Его лицо сияло. Петр и Секереш слушали, боясь проронить слово.
– Ничего подобного я еще не видел, и все же… Ты только подумай, Петр: солдаты, босые, оборванные, с одними ручными гранатами шли в атаку на польские пулеметы, словно те не пулями, а горохом стреляли. А как их косили – ужас. И когда они подошли к полякам на такое расстояние, что могли кинуть гранаты, – ни одна не разорвалась.
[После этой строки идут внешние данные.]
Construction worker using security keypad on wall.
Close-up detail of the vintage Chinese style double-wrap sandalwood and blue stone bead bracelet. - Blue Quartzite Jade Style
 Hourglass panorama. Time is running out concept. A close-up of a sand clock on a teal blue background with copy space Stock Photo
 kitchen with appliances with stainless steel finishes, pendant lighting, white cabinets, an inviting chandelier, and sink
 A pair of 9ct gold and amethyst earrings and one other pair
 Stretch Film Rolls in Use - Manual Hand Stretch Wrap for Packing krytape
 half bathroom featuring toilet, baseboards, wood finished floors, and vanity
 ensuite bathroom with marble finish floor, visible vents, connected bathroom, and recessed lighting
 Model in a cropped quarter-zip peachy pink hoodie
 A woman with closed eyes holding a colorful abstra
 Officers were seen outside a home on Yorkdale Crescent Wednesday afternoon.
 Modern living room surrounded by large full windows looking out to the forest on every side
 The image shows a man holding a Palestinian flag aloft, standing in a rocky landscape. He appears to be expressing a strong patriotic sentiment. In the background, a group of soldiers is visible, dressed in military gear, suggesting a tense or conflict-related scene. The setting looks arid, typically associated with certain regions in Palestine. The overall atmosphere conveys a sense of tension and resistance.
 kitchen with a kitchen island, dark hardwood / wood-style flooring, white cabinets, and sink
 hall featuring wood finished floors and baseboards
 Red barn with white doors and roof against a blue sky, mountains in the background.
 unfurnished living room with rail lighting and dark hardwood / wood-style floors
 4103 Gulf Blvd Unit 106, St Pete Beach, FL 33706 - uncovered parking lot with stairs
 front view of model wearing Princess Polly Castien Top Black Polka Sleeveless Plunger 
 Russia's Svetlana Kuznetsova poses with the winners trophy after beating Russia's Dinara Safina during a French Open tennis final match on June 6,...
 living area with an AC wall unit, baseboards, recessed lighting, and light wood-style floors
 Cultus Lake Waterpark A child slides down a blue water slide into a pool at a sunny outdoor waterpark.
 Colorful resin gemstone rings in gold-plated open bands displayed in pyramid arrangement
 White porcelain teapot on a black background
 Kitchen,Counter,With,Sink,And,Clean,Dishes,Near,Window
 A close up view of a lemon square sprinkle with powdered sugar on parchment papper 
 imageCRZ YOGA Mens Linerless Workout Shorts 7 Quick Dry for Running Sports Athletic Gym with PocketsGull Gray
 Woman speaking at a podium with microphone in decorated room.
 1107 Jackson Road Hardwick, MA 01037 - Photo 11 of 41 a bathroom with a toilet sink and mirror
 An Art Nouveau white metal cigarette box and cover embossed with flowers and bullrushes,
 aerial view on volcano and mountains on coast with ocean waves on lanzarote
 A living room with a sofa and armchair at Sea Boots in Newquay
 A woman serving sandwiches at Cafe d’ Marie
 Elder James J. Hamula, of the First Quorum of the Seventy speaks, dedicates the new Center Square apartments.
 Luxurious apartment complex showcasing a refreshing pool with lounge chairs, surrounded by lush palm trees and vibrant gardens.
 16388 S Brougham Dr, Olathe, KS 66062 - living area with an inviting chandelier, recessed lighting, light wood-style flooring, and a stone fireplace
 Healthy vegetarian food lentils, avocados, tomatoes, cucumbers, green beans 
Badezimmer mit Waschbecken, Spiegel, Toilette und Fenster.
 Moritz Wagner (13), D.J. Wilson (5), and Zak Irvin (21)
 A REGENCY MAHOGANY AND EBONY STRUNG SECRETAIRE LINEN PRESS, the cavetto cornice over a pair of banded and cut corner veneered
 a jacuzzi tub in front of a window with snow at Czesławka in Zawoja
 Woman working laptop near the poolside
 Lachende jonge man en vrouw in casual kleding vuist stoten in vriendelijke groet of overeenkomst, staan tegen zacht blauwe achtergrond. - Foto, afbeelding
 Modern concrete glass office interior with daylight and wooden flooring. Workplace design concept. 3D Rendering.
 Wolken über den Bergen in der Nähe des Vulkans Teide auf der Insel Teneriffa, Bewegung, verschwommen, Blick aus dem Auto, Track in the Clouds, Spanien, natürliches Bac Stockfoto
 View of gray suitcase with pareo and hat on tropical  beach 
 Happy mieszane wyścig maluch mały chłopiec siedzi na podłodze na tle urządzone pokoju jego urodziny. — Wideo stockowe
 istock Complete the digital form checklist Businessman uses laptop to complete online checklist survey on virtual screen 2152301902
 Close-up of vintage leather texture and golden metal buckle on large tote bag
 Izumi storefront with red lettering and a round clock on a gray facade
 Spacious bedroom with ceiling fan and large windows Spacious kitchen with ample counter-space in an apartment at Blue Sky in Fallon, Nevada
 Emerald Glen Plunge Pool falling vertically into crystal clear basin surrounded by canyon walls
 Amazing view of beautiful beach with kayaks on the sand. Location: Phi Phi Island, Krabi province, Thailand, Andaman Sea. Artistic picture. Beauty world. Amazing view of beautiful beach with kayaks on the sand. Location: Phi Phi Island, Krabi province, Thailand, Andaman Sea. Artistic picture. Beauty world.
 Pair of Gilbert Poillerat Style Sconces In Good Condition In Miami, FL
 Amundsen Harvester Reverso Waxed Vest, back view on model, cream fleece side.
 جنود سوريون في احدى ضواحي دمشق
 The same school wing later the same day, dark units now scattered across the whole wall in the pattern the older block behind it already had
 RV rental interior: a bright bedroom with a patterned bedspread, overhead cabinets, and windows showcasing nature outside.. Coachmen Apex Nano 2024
Солдаты с голыми руками бросились на поляков, били их кулаками, кусали – все до единого полегли… Бедный Тимко!..
Несколько минут протекло в молчании.
– Мне кажется, – начал Секереш, – что если бы вы во время и энергично начали наступление…
– Ты не имеешь права критиковать нас, – тихо произнес Лаката.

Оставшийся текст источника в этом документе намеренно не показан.